I've also been spending a fair bit of time on my Bank Shot (AKA OddBall) iPhone game. I have about 90% of the basic gameplay code complete, and I'm just wrapping up a good chunk of the HUD and menu system code now. Tweaking the HUD and GUI has been a bit finicky and time consuming, but soon I will be able to focus more of my time on the actual graphics and level design. Up until now most of the work has been on central code systems to ensure the basic gameplay works and that everything can communicate with each other. My next phase of development includes learning a new 3D modeling program, creating 3D models, skins and animations, designing out some levels and a flow for the game progression, and updating all the little graphical nuances that need attention. So there is still a fair bit of work and a lot of polish to complete before the game is ready to play. But things are moving fairly smoothly now.

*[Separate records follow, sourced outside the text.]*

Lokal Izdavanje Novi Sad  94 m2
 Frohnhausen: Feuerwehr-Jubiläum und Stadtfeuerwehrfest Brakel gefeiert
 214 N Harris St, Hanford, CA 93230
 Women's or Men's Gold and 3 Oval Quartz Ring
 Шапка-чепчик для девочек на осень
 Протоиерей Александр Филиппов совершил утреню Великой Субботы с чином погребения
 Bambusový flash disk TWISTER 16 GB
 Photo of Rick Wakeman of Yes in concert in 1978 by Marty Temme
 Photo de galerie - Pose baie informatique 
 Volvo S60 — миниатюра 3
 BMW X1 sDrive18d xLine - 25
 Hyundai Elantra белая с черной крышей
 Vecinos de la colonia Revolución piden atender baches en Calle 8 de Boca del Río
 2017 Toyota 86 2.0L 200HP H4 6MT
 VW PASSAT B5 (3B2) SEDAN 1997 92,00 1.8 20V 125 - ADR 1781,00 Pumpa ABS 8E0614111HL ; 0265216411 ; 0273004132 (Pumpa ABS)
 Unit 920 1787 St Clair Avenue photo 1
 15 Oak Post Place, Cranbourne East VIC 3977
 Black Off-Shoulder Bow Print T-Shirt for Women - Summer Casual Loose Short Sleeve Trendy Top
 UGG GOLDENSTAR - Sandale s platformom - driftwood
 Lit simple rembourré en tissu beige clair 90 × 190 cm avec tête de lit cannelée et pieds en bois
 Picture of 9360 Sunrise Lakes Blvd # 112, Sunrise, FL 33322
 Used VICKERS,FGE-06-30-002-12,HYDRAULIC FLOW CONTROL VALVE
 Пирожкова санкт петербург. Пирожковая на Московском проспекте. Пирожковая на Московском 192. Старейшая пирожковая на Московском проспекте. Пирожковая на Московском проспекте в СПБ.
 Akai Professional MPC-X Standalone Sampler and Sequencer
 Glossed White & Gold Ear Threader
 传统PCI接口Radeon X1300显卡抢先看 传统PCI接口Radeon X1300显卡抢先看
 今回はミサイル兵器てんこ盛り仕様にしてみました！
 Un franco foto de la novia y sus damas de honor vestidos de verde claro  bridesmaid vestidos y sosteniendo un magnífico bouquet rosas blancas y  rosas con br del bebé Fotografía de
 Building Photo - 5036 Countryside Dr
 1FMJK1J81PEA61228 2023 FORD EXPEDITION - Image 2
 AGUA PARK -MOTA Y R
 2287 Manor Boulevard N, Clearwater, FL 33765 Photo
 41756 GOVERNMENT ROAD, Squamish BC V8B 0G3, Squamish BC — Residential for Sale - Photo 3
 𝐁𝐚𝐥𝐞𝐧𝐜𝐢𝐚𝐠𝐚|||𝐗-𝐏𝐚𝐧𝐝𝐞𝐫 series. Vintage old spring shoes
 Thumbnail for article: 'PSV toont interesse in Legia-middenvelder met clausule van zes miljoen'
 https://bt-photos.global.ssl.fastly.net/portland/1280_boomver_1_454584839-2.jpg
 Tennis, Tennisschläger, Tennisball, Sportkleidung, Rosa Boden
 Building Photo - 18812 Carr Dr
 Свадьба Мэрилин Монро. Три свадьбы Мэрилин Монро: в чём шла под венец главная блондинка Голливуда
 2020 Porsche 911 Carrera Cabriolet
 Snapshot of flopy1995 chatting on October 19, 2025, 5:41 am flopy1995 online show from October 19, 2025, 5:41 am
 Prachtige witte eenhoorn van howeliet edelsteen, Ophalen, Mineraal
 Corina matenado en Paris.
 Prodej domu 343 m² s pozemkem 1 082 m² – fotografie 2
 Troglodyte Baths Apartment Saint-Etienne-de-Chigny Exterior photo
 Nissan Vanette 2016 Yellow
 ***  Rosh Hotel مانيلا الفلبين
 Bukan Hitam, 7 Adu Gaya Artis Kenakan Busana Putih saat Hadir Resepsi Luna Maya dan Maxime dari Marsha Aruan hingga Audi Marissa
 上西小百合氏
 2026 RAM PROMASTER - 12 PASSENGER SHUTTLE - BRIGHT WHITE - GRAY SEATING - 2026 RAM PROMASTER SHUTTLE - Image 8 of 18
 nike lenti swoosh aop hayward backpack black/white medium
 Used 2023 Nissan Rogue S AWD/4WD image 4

I also recognize that I haven't posted a single development video of the game yet. I'm now looking into recording some of the basic systems I have working and posting it here as part of my development diary. Most of the graphics are placeholders so far, but it will be good to share how the game will work and possibly get some feedback. Going too long without any outside feedback can lead to tunnel vision and result in a less balanced game experience. Also, my goal is to start morphing this blog more towards a development diary, at least in part, and so I should really start posting more frequent updates about the specific development I am doing. So you can expect some short videos here soon.